Three numbers. One conclusion.

88%
of web-app attacks use stolen credentials · Verizon DBIR 2025
80–90%
of enterprise data is collected, stored — never used · Gartner
48%
of assisted identity-theft victims still unresolved a year later · ITRC 2024

The credential failed. The collection is wasteful. The subject pays — and is the last to know. That's why identity has to be a layer — and that layer has to be sovereign to its subject.

FOUNDATION

The thesis: identity belongs in the stack.

The internet was designed around addressing machines. IP. DNS. BGP. TLS. Every primitive routes bytes between endpoints. Identity, though, was bolted on at layer 7 — every app reinvents authentication, every silo holds its own record, every breach proves the model is failing at scale.

But there's a signal underneath the silos. When infrastructure rotates, something persists. The IP changes. The hash morphs. The domain rotates. Yet the person behind them — their writing rhythm, their platform mix, their geographic stamps, their interest signature — stays.

Identity is not the credential. It's the behavior. And behavior, observed across enough public sources, becomes addressable. That's the layer.

What the layer looks like

Behavioral. identity reconstructed from observable patterns across public sources, not assumed from registered identifiers
Addressable. any indicator — email, username, phone, wallet — resolves into the same persona graph
Persistent. when infrastructure rotates, the persona survives; matching is on behavioral signature, not on credentials
Composable. identity primitives can be addressed by any tool, queried by any system, and built upon by any implementation

Why this matters now

Identity-aware regulation (NIS2, DORA in the EU) is starting to treat identity as a security primitive, not an application-layer concern.

Cyber-physical threats — supply chain compromises, deepfake-driven fraud, infrastructure rotation by APTs — demand identity context faster than current SOCs can produce it.

The breach epidemic of 2024 — 26B records leaked — proved at scale what we already knew: the silo model has failed. Something has to take its place. We think that something is a layer.

What xposeTIP is — and what it isn't

  • xposeTIP is an early implementation of this layer.
  • xposeTIP is not the layer itself. The layer is bigger than any single tool, and emerges from multiple implementations over time.
  • xposeTIP is operated commercially today — because the layer needs operational economics to mature, and pure open-source rarely funds the long road.

Four principles · How we build this layer

These aren't aspirational. They're constraints we accept upfront, encoded in the product. The layer is only worth building if we build it like this.

PILLAR 01

Ethical OSINT

01

Consent Model

Self-scan: Anyone can scan their own email. Free, no justification needed.
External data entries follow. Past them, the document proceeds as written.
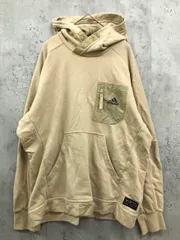 PUMA プーマ HD0034 PRSVE FABRICMIX 裏毛 フーディ プルオーバー パーカー sizeM/ベージュ ■■ メンズ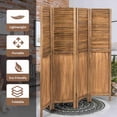 thumbnail image 4 of Costway 4 Panel Folding Privacy Room Divider Screen Home Furniture 5.6 Ft Tall Brown, 4 of 10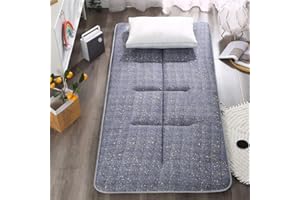FZKun Futon Mat - Lightweight Folding Mattress Floor Pad with Non-Slip Base Relaxing Sleeper for Napping Travel Guest Bed Dorm Office Tatami Use (Bianco,70x180cm)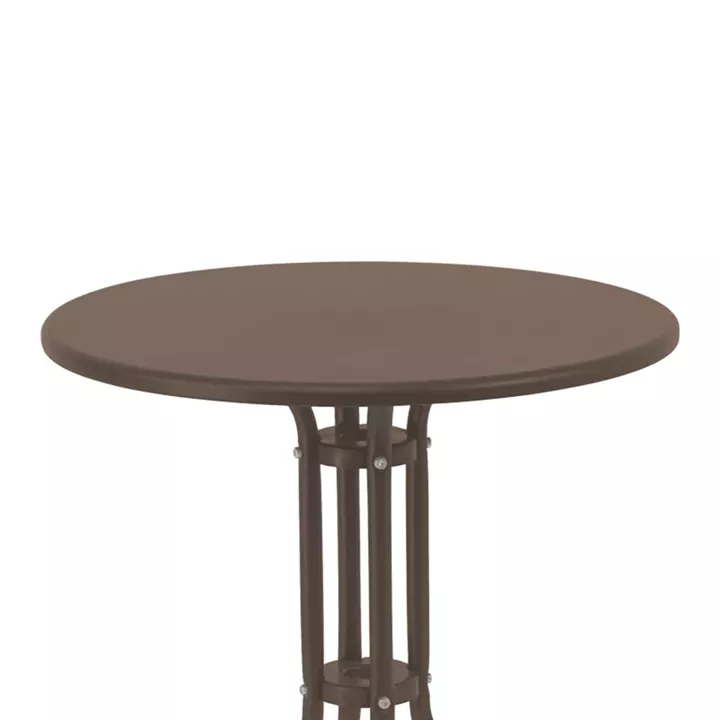 Vergo-Obbi pakoworld dining table brown metal Φ60x70cm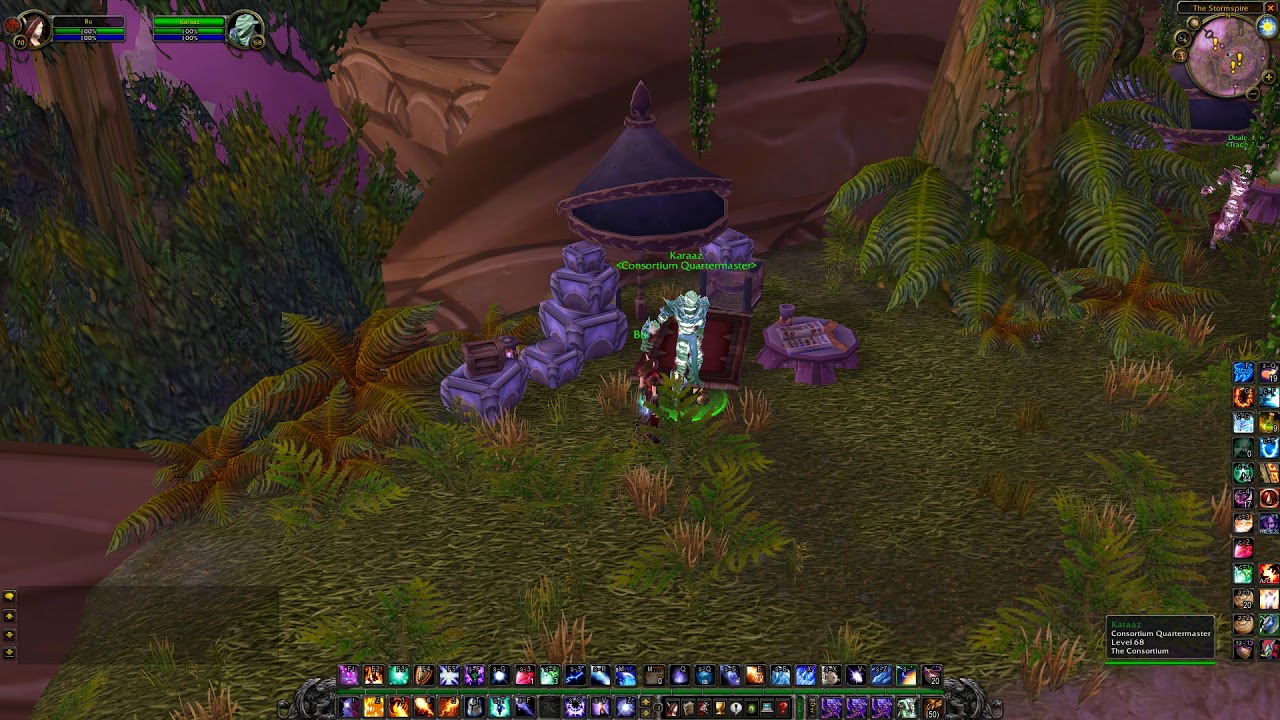 Consortium Quartermaster / Consortium Reputation Vendor Location, WoW TBC (Netherstorm)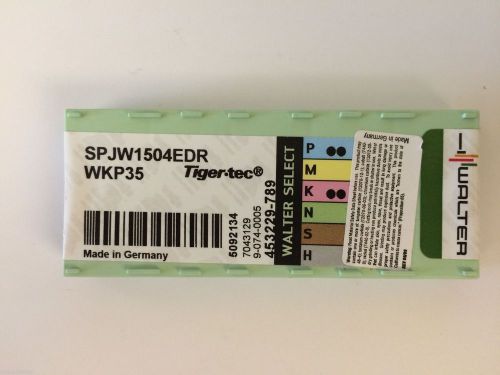 10 Pack - Walter SPJW1504EDR WKP35 Coated Carbide Tiger-Tec CNC Milling Inserts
Third-party scan: Requires documented consent — a signed DPA, an employer policy, or explicit written authorization from the data subject.
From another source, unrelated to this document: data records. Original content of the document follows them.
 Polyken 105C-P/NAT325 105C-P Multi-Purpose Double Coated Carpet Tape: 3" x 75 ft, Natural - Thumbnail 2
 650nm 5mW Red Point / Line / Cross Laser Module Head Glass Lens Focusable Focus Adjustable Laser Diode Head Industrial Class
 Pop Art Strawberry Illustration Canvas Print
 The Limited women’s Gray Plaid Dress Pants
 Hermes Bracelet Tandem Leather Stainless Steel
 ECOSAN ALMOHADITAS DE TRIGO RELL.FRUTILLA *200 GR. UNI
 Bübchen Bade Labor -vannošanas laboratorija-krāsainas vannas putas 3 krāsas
Bulk scan: Permitted for organizations scanning their own workforce under GDPR Article 6(1)(f) legitimate interest — never for profiling external individuals.
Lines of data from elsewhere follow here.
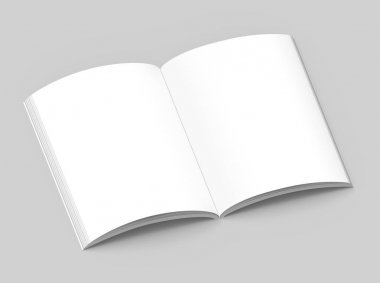 Boş sert kapak kitap şablonu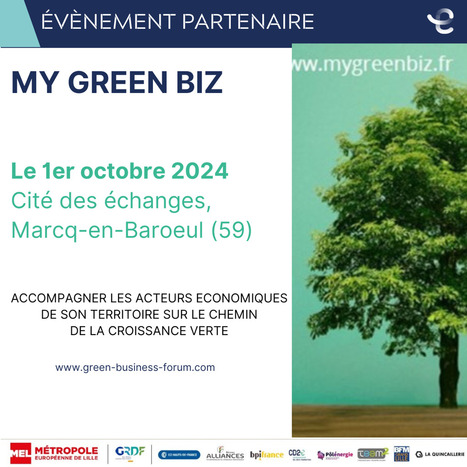 My Green Biz | rev3 - la 3ème révolution industrielle en Hauts-de-France | Scoop.it
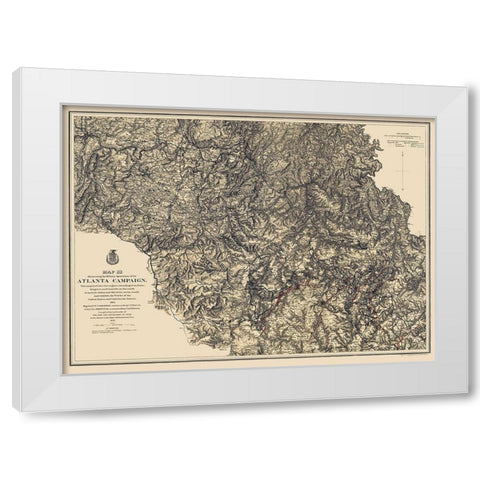 Atlanta Campaign III - Ruger 1864 White Modern Wood Framed Art Print by Ruger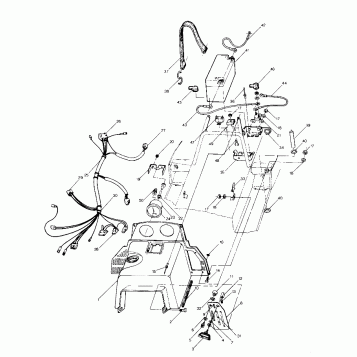 CONSOLE AND ELECTRICAL Star and Sprint E/S (4915431543005A)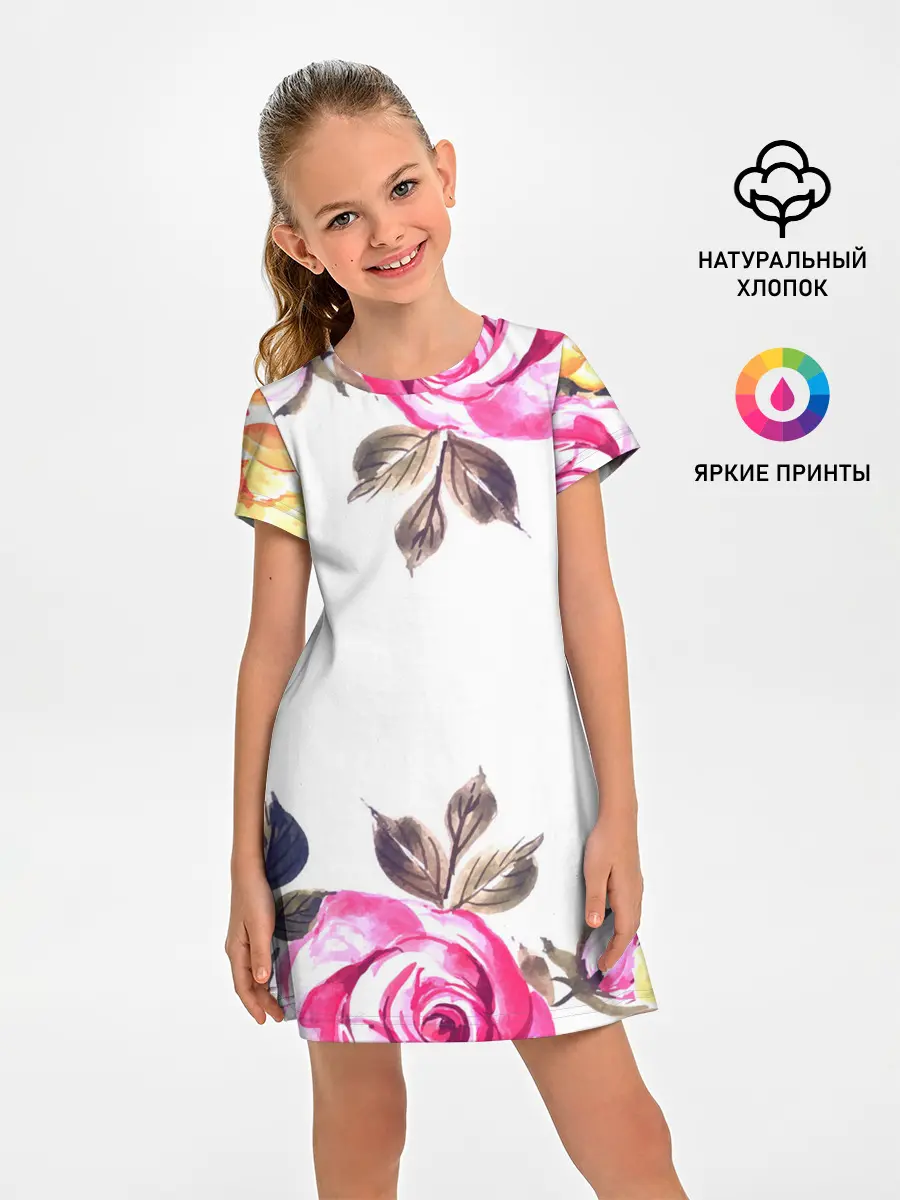 Детское платье / Розы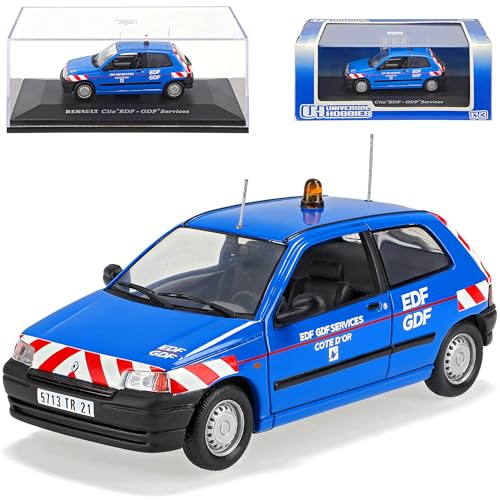 Universal Hobbies Renautl Clio 1. Generation EDF GDF Blau 1/43 Modellauto Modell Auto Universal Hobbies Renautl Clio 1. Generation EDF GDF Blau 1/43 Modellauto Modell Auto von Universal Hobbies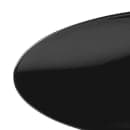 Elite Global Solutions 24" x 9" Oval Moderne Salmon Platter - Melamine, Black (M249SP-B) thumbnail 5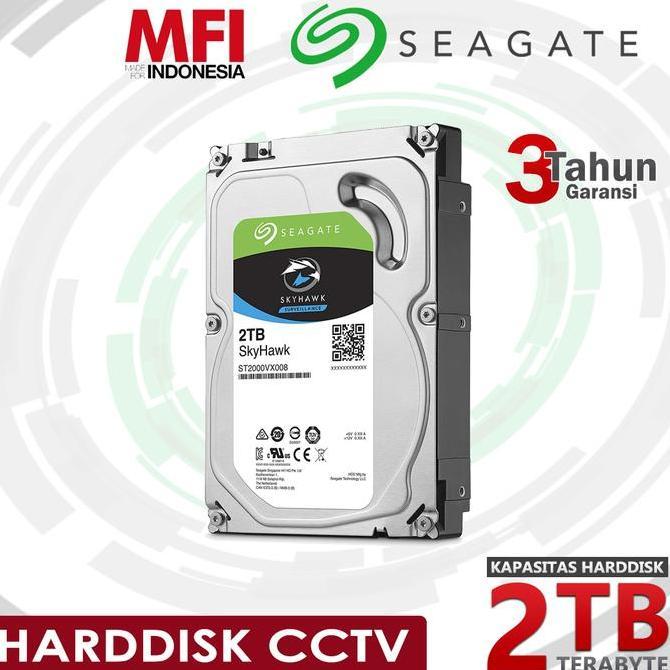 SEAGATE SKYHAWK 2TB MFI HDD CCTV HARDDISK HARDISK 2 TERRA SURVEILLANCE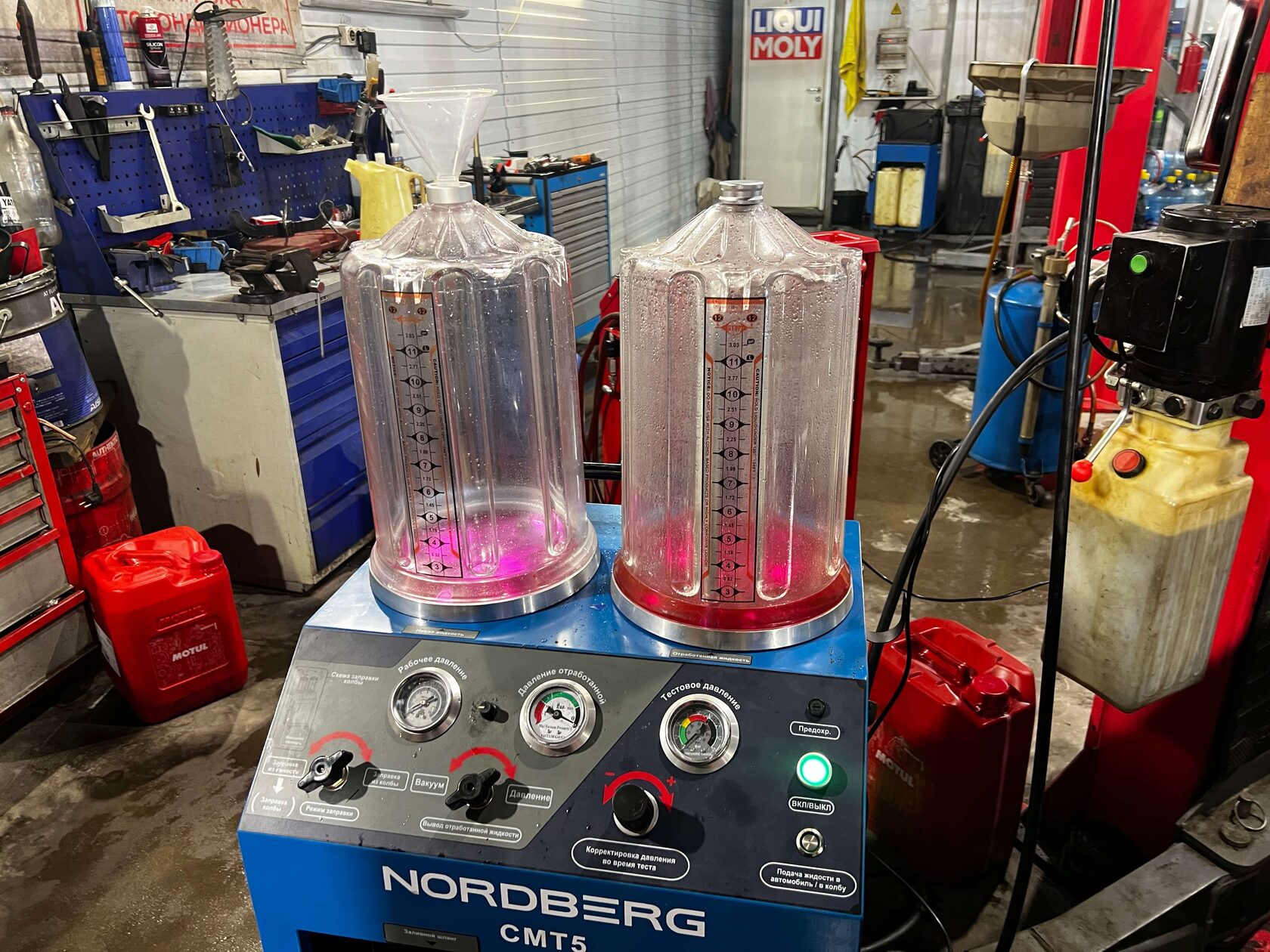 Замена антифриза аппаратная успешно завершена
No scan is ever anonymous to us. Every scan is logged with who authorized it, when, and why.

02

Transparency

Every finding shows its source. Every score explains its reasoning. No black boxes. No "trust us" scores. You see exactly what we see.
03

Purpose Limitation

xpose finds exposure to help you reduce it. Every finding comes with a remediation action. We're a shield, not a sword.
04

Right to Delete

Request deletion. We purge everything. Not soft delete. Not "archived." Gone. Your data, your choice.
05

No Dark Patterns

No upsell scare tactics. No inflated scores to push premium plans. A score of 6 means you're fine. We tell you that.

06 — We Will Never

  • Accept contracts for unconsented pre-employment screening
  • Sell, license, or share scan data with data brokers, advertisers, or intelligence agencies
  • Accept military, mass surveillance, or law enforcement contracts for profiling civilians
  • Build facial recognition, social scoring, or predictive profiling features
  • Monetize scan results, even anonymized or aggregated
  • Retain data for users who delete their account — purge is cryptographic, not soft delete
  • Comply with data requests from authoritarian regimes, regardless of legal pressure

These aren't aspirational. They're hardcoded. If a future version of xpose violates any of these, fork the repo and call us out. The code is AGPL-3.0 licensed for exactly this reason.

PILLAR 02

Green Intelligence

The cybersecurity industry runs 256GB RAM clusters to grep logs. We run 179 OSINT scrapers, graph algorithms, and a rules engine on a 7-year-old MacBook. 50 watts.

The Amiga 500 Philosophy

In 1987, demoscene coders made art with 512KB of RAM that still amazes today. Not because they had less — because constraints breed creativity.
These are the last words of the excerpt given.